On 02/09/2018 10:47 PM, Emilio G. Cota wrote:
On Fri, Feb 09, 2018 at 16:22:33 +0100, Greg Kurz wrote:
On Thu, 8 Feb 2018 19:00:19 +0100
<antonios.mota...@huawei.com> wrote:
(snip)
/* stat_to_qid needs to map inode number (64 bits) and device id (32 bits)
* to a unique QID path (64 bits). To avoid having to map and keep track
* of up to 2^64 objects, we map only the 16 highest bits of the inode plus
@@ -646,6 +695,10 @@ static int stat_to_qid(V9fsPDU *pdu, const struct stat
*stbuf, V9fsQID *qidp)
/* map inode+device to qid path (fast path) */
err = qid_path_prefixmap(pdu, stbuf, &qidp->path);
+ if (err == -ENFILE) {
+ /* fast path didn't work, fal back to full map */
+ err = qid_path_fullmap(pdu, stbuf, &qidp->path);
Hmm... if we have already generate QIDs with fast path, how
can we be sure we won't collide with the ones from the full
map ?
IIRC, Emilio had suggested to use bit 63 to distinguish between
fast and slow path.
Yep. Antonios: did you consider that approach? For reference:
https://lists.nongnu.org/archive/html/qemu-devel/2018-01/msg05084.html
That would make the fast path faster by just using bit masks, which I
think it's a superior approach if indeed the assumption about top bits
being zero in most cases is accurate.
Emilio
The fast path reserves prefix 0x0000 to detect overflows, and so will
allocate prefixes 0x0001 to 0xffff only.
So if the fast path fails, we still have the whole space of 64 bit
values that start with 0x0000, and 48 bits of play
room. And this is the space the slow path is allocating from. So they
will never allocate a colliding path,
prefix 0x0000 distinguishes the slow path.

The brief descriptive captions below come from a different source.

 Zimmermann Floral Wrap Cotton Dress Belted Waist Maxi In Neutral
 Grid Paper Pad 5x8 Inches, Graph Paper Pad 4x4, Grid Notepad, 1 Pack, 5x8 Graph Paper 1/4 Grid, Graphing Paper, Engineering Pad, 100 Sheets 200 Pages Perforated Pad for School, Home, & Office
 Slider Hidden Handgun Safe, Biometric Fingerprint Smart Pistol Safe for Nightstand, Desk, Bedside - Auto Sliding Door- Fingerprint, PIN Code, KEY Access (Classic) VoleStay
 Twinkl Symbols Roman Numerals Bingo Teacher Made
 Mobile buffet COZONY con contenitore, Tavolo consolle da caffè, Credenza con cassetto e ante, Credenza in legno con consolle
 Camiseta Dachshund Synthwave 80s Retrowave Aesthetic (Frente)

By reserving one prefix instead of one bit, we keep the bit-space that
we can work with larger.
We can track almost twice as many QID paths.
I did consider the approach proposed originally using bitmasks, however
I think this implementation has the advantage:
(1) The fast path is just being checked first without any other pre-checks,
which means the common use case is assumed to be true / is optimized.

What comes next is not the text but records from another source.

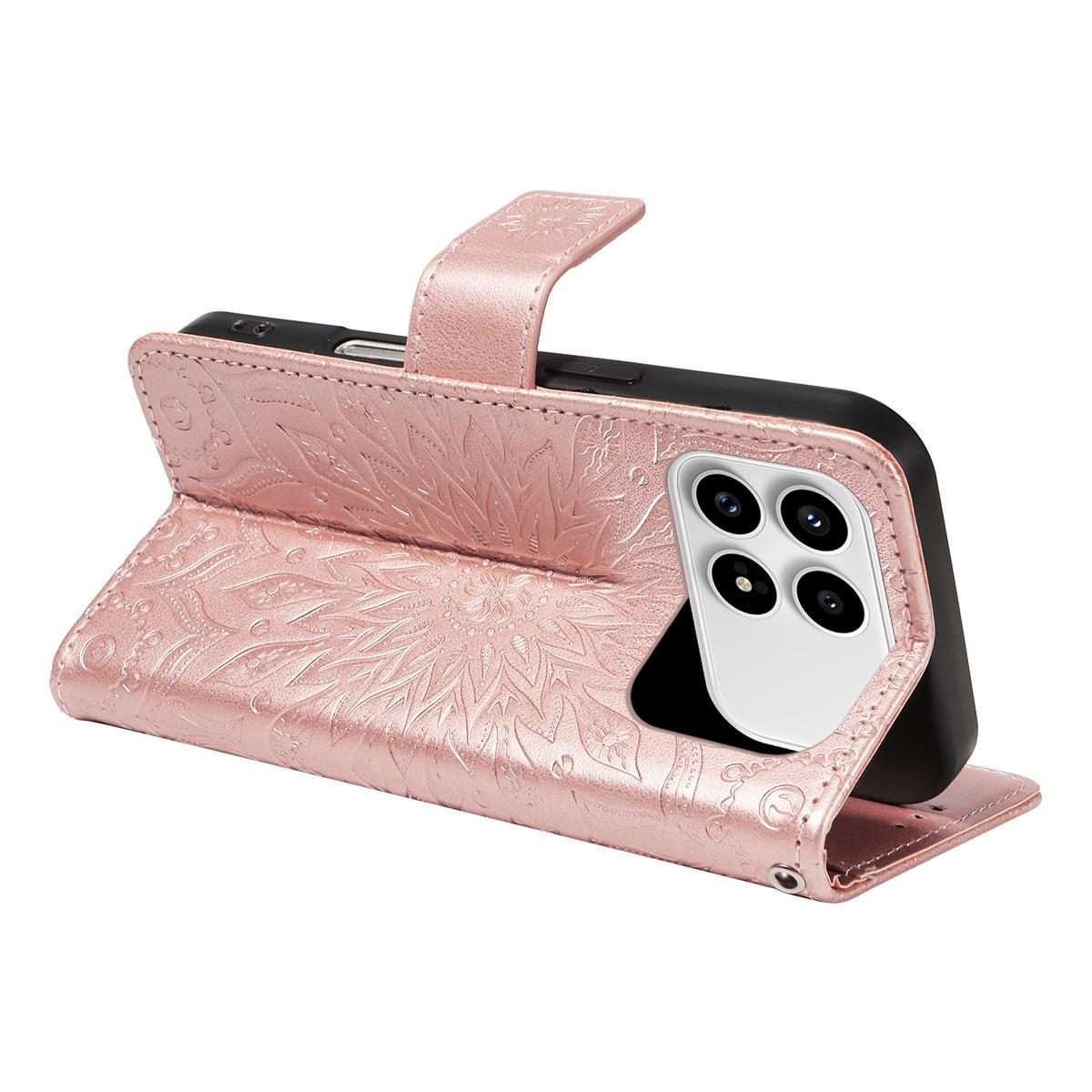 For Redmi K90 / Poco F8 Pro Embossed Sunflower Pattern Flip Leather Phone Case(Rose Gold)
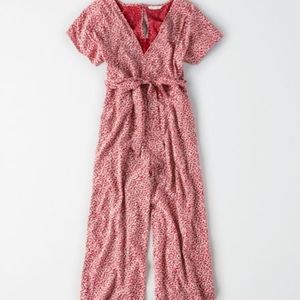 American Eagle floral jumpsuit
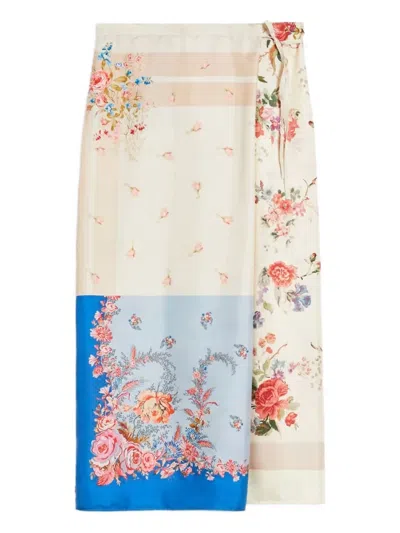 Weekend Max Mara Floral Patchwork Silk Scarf In Neutral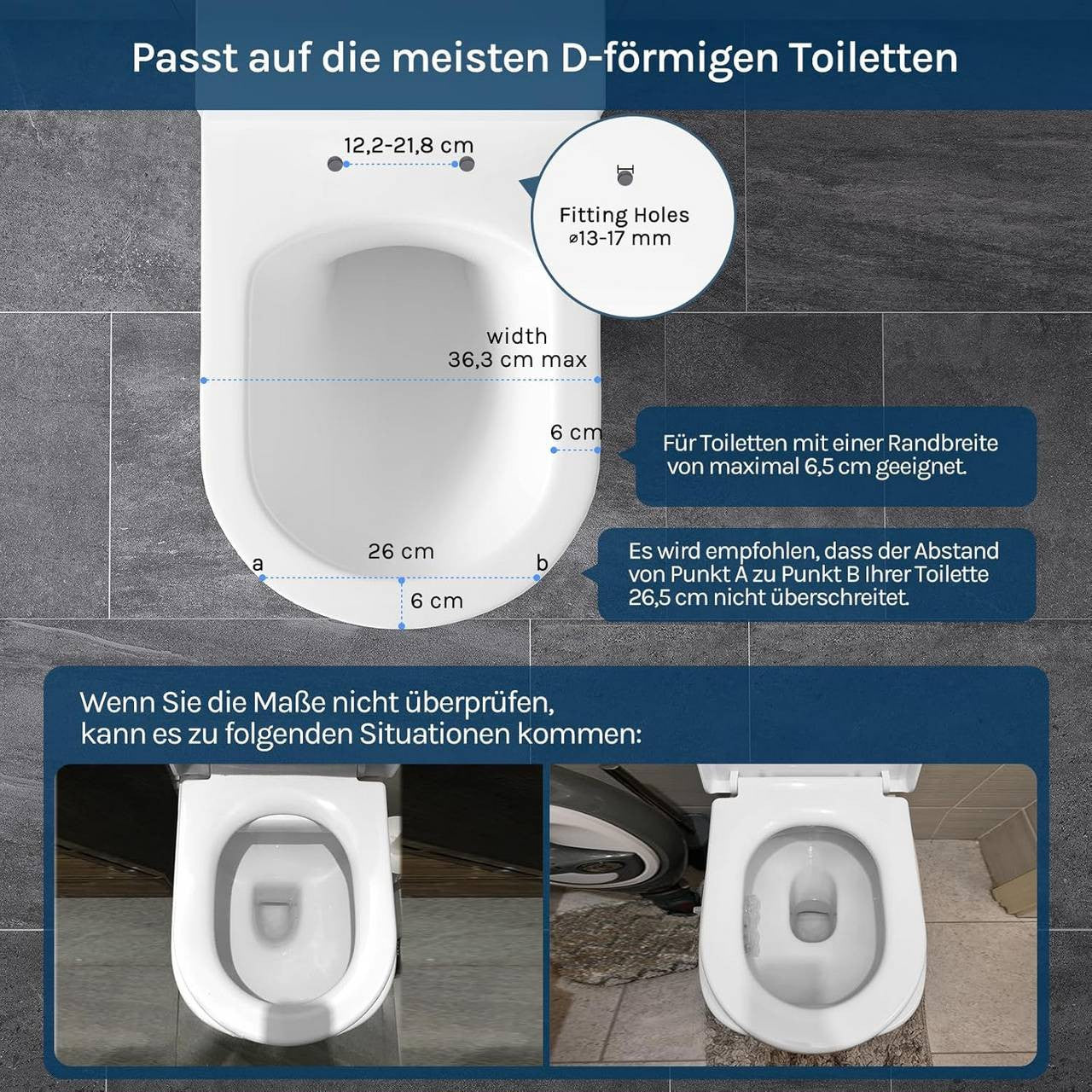 24goodz Soft-Close Toilet Seat - Quiet and Gentle Closing - PP Material - For Standard D-Shaped Toilets - White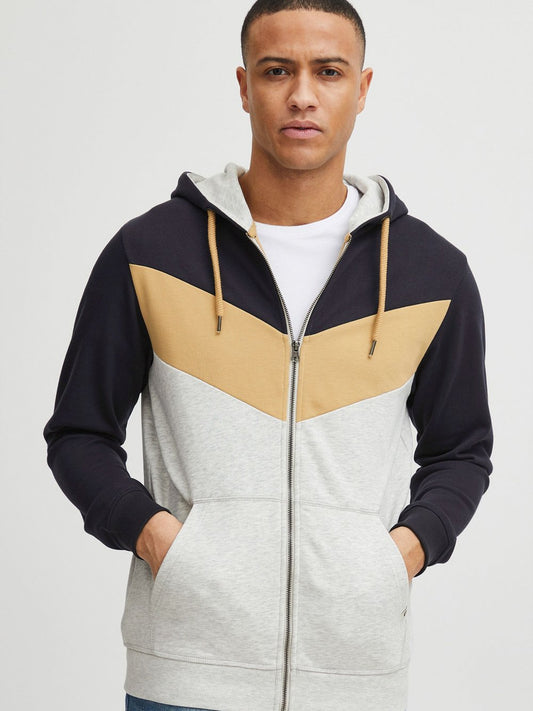 Indicode Kapuzensweatjacke Herren Baumwolle gemustert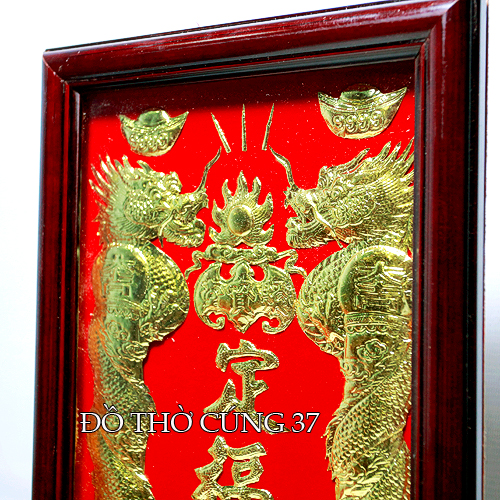 Bài vị Ông Táo dát vàng 24K Khung gỗ cao cấp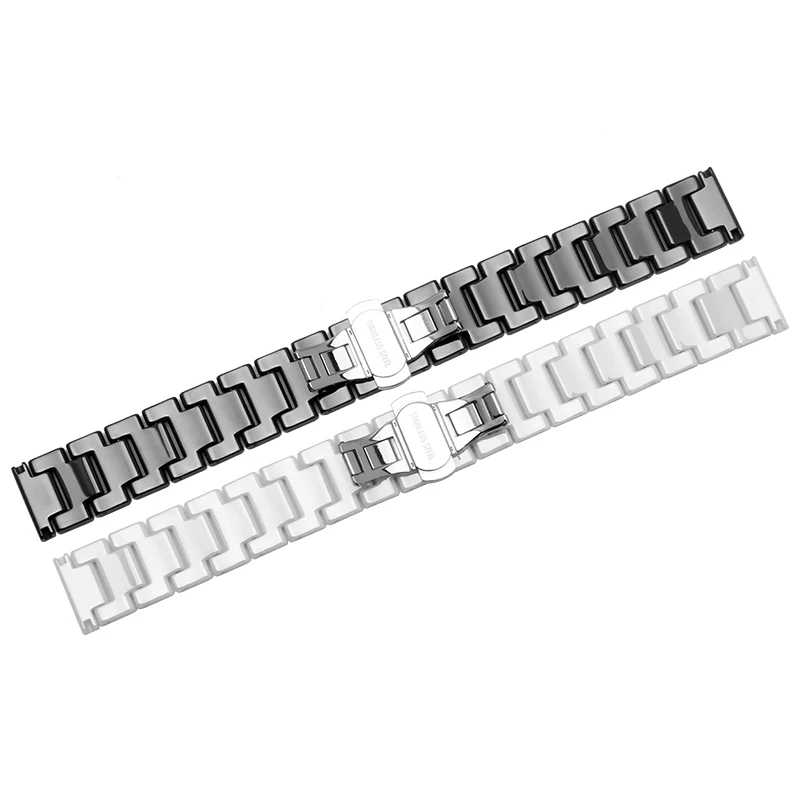 Pearl Ceramic Watch band 14mm 15mm 16mm 17mm 18mm 19mm 21mm 22mm black white wristband with butterfly buckle For men and women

We slow down the slow path because we have to check the fast path first,
but personally I don't mind slowing down the slow path a bit.
(2) It is a bit more flexible with the assumptions about the top bits.
Think about
nested virtualization with nested 9p for example; the inner QEMU
instance won't have
the luxury of working with inodes with zero top bits. However, the
combination of
prefixes that it will run into will still be discreet and non-random.
The proposed approach
will still allow the fast path to work fully for all files.
I think it is plausible that there are other cases with non-zero, but
also non-randomly distributed
top bits in the inode, so I opted to give the fast path another
advantage at the expense of the slow path.
I can change it, but personally I have accepted the slow path as a much
more inferior fallback,
that only 0,001% of users should ever see. Fast path FTW.
Thanks for your feedback!
Tony